Speed up parsing a text file

quazar · June 29, 2018, 2:44pm

I am parsing DNS zone file (12 GB appx) in Elixir and it’s taking absurdly amount of time, I exited the process after 30+ mins or so and switched to golang and go finished the same process in less than 5 min. I know elixir is not suitable for cpu intensive ops here I am stuck because of IO which is strange.
My code:

    dest_stream = File.stream!(destination, [{:delayed_write, 10_000_000, 60}])
    File.stream!(source, [read_ahead: 10_000_000])
    |> Stream.map(&String.split(&1))
    |> Stream.filter(&valid_entry?(&1, zone))
    |> Stream.map(&extract_domain_name(&1, zone))
    |> Stream.dedup
    |> Stream.into(dest_stream, fn args -> args <> "\n" end)
    |> Stream.run

Is there any way I can speed up this process?

peerreynders · June 29, 2018, 2:51pm

Stream all runs strictly sequentially, lazily in the same process. Have a look at Flow instead.

NobbZ · June 29, 2018, 2:52pm

Try using :line mode instead of :readahead, that will reduce the size of chunks in memory. Having binary chunks of 10MB and splitting them by line is inefficient.

Also as far as I can tell, you might cut entries in half and discard those.

Aside of that I’d probably try to rewrite that with leex and yacc or another proper parser library.

benwilson512 · June 29, 2018, 3:04pm

Without seeing what you’re doing in each of those functions we can’t really suggest anything concrete.

jakemorrison · June 30, 2018, 1:46am

I suspect the biggest issue you are hitting is that you are interleaving processing and I/O. That causes you to thrash the scheduler. Things work a lot better if you can read in the data, process it, then write it out all in one chunk.

With 12GB of data, if you don’t have enough RAM to hold everything, then streams are still useful, but you want to have bigger chunks. i.e. use the stream to read a block of data from the disk, split it into a number of records, chunk them, then process the chunks in parallel, then write each chunk to disk.

You can parallelize the processing of the entries to take advantage of multiple cores. I have found
https://github.com/beatrichartz/parallel_stream easy to use and fast, though there are other things that are part of the standard library. It lets you batch on the number of workers and number of records to process per worker, e.g.
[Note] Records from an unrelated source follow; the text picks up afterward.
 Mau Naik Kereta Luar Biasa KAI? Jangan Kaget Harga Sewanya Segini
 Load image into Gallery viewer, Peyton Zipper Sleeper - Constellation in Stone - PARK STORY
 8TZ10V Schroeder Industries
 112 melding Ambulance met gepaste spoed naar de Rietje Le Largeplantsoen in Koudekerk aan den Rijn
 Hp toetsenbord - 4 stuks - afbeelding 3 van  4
workers = :erlang.system_info(:schedulers) * 2
stream = ParallelStream.map(records, &(process_record(&1)), num_workers: workers, worker_work_ratio: 1000)
results = Enum.into(stream, [])

Instead of concatenating strings, you can generate iolists, e.g. fn args -> [args, "\n"] end
See https://www.bignerdranch.com/blog/elixir-and-io-lists-part-1-building-output-efficiently/

We have one high-volume application which has configuration info in JSON, about 1M records with 1KB of JSON for each record. The data starts in a Postgres database. We have one job that reads all the data in the database, parses the JSON, massages it, then writes out a CSV file with key and JSON data. On startup, the app parses the CSV and loads the data into an ETS table.

The export job was originally taking 30 minutes. By processing the data in parallel and paying attention to I/O, it now takes about two minutes. Similar optimization on the load job took it from about three minutes down to about 8 seconds.
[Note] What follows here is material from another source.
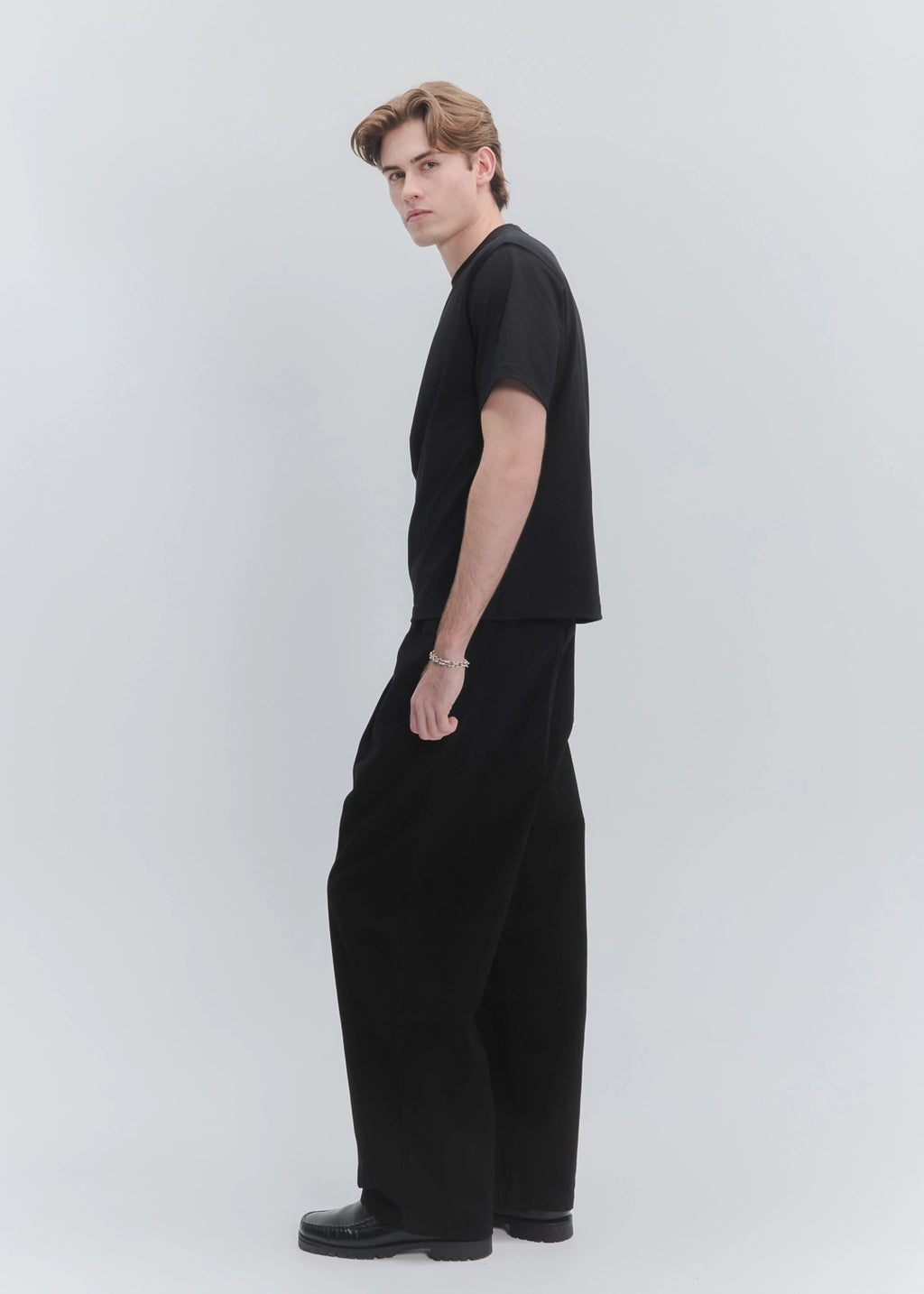 Everyday Cotton Tee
Elixir is not as fast as C, but it is reasonably efficient. The ability to easily parallelize work and take advantage of all the cores often makes up for absolute processing speed. Binary pattern matching works at about half the speed of C, and https://github.com/plataformatec/nimble_parsec makes it easy to implement efficient text parsers. For things which are driven by I/O and concurrency, it is very competitive.

mbuhot · June 30, 2018, 9:48am

I recently found String.split to be much slower than a regex for parsing lines of input.

mix profile.fprof is easy to use and will tell you immediately where your bottlenecks are. If it takes too long to analyse, try running with a smaller input file.

michalmuskala · June 30, 2018, 12:21pm

There was a performance bug in String.split (or rather the underlying :binary.split) that should be fixed in OTP 21.

quazar · July 16, 2018, 9:03am

Thanks for those suggestion. String.split is indeed taking lot of time. I ended up implementing this in golang and calling from phoenix framework. Now it fly’s without hiccup.